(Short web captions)
>>>

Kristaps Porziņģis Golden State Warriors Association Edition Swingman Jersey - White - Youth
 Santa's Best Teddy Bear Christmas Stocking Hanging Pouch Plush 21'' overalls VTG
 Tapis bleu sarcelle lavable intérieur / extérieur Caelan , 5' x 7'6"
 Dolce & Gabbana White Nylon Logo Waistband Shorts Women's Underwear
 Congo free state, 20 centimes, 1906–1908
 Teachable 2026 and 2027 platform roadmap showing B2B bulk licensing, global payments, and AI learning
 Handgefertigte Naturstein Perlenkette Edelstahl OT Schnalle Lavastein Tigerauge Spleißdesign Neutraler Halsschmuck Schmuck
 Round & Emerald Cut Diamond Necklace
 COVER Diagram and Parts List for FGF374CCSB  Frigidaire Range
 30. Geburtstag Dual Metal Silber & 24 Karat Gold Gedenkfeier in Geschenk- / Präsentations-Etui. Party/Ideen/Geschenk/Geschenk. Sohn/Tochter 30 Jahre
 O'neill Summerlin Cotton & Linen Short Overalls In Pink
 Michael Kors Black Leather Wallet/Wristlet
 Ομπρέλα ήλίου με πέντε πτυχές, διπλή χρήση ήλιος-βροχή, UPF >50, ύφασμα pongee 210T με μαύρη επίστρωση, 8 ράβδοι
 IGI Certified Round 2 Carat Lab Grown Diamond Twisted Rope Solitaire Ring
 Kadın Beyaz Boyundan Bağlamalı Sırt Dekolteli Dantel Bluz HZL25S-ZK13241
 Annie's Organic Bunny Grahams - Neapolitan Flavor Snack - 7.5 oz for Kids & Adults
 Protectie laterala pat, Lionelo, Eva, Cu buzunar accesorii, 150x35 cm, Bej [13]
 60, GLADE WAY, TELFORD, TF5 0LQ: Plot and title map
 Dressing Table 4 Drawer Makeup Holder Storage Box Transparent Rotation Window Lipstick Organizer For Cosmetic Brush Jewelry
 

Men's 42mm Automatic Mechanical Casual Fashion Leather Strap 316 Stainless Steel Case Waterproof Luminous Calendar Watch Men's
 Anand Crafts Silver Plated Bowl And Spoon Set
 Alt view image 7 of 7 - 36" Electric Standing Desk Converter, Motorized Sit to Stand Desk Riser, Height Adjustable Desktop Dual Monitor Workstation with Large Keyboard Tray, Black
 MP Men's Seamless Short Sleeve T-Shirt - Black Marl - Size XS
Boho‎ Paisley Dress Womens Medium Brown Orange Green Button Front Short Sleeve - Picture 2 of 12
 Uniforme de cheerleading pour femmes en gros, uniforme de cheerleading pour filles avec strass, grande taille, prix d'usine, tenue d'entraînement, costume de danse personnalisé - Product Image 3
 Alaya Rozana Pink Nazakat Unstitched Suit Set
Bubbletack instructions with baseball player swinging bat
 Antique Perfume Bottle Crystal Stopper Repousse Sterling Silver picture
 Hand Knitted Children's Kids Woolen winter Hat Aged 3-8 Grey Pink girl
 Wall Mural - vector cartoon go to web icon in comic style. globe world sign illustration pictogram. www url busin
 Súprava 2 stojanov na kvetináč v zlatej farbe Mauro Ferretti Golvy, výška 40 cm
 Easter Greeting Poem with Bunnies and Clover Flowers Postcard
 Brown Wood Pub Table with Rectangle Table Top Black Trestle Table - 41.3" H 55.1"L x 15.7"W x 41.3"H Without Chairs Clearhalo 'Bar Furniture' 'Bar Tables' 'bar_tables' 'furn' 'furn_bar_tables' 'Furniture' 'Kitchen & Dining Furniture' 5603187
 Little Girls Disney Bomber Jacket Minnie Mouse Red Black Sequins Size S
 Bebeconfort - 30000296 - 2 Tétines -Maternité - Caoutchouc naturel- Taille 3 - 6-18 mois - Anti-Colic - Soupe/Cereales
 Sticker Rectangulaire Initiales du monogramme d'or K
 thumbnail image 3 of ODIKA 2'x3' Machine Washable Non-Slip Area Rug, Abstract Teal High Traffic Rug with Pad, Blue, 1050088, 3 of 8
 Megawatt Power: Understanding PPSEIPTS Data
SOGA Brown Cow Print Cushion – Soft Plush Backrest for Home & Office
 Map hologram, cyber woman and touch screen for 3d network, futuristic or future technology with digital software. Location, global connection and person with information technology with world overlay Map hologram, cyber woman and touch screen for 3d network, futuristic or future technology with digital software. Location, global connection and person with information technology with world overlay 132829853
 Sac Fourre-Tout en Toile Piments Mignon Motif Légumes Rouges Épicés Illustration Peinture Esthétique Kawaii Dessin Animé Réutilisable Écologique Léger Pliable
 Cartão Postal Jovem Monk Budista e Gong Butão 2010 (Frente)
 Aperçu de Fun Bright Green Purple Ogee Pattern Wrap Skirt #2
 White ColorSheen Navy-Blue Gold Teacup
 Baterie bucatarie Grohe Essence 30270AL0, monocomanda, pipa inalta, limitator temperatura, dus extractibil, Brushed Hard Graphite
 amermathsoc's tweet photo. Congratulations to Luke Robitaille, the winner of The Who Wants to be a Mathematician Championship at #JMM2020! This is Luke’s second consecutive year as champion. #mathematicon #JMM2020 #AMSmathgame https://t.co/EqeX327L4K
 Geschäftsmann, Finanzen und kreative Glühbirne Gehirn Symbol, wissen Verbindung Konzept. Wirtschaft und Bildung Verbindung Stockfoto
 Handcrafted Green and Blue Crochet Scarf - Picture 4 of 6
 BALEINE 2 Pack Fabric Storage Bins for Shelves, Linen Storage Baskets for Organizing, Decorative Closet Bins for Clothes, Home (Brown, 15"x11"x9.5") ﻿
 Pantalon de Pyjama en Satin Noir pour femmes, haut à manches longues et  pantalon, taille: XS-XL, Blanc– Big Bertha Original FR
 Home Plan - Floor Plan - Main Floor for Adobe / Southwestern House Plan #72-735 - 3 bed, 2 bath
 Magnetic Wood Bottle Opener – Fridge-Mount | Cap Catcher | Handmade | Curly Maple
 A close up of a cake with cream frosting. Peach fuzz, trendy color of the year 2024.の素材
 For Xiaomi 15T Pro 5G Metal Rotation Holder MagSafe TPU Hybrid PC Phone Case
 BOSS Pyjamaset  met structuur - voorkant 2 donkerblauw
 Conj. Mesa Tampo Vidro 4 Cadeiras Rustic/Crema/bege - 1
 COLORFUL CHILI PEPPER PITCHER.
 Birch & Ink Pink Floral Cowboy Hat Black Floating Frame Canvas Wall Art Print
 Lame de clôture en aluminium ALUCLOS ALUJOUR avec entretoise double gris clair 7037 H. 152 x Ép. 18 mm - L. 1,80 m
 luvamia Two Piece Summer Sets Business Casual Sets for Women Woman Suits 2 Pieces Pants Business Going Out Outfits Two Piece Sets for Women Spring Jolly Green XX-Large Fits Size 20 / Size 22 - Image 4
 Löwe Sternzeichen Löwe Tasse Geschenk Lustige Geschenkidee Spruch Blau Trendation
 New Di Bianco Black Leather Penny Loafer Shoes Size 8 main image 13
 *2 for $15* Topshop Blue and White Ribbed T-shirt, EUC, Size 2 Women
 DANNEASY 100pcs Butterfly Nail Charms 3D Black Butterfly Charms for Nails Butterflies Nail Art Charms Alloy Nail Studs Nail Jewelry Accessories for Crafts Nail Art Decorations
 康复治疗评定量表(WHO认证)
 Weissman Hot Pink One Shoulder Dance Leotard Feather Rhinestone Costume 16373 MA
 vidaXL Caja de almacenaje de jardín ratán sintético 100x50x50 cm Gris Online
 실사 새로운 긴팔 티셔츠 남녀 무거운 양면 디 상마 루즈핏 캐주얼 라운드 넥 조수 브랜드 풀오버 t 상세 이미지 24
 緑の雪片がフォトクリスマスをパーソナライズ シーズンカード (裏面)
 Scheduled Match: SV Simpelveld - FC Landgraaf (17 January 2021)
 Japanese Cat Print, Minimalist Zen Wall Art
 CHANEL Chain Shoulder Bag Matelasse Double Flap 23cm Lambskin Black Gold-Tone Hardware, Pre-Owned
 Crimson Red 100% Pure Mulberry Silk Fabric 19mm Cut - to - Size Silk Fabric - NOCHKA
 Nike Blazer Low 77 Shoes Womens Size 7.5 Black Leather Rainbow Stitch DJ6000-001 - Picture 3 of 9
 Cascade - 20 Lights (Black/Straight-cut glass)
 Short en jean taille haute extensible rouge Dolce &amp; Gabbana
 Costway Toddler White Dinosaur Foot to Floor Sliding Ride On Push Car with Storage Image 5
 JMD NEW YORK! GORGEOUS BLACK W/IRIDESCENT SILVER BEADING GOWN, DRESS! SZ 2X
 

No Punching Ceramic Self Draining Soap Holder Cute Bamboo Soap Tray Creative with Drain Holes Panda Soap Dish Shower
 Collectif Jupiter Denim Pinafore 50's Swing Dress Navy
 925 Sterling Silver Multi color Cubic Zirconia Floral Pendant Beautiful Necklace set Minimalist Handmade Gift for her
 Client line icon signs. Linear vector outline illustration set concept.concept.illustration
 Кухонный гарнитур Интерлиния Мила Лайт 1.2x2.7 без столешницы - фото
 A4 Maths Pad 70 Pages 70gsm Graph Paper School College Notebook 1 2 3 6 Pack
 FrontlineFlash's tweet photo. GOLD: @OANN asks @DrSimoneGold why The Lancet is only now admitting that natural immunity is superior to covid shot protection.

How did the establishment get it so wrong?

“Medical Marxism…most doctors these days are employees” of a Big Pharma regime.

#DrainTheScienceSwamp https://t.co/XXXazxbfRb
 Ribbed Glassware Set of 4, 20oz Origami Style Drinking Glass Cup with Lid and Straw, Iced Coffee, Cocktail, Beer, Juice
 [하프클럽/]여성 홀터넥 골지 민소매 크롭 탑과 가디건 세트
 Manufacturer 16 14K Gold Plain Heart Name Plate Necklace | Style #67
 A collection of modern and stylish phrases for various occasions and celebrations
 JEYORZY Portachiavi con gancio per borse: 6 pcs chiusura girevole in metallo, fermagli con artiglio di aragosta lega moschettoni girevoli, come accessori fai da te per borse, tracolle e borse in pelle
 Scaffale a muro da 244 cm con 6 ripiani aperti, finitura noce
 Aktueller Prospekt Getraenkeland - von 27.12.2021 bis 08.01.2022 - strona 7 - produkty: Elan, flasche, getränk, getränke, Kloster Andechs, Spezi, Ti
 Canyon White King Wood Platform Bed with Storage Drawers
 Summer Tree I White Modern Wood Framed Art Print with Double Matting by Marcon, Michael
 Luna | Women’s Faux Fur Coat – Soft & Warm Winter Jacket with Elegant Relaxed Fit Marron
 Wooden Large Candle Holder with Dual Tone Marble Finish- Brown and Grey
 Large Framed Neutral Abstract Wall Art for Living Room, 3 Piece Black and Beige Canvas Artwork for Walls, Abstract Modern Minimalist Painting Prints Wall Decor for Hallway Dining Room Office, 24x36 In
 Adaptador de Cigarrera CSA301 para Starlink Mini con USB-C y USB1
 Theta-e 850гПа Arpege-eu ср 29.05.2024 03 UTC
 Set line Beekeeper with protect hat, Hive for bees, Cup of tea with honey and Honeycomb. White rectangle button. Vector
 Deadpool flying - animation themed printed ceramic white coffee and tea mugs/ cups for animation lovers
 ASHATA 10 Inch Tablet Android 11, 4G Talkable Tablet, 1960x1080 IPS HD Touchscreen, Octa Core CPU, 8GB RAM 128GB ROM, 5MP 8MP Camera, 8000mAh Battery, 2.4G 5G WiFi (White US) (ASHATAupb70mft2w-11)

<<<

TASK → Each line above where the word "Linen" occurs should be copied out.

EXPECTED ANSWER →
 O'neill Summerlin Cotton & Linen Short Overalls In Pink
 BALEINE 2 Pack Fabric Storage Bins for Shelves, Linen Storage Baskets for Organizing, Decorative Closet Bins for Clothes, Home (Brown, 15"x11"x9.5") ﻿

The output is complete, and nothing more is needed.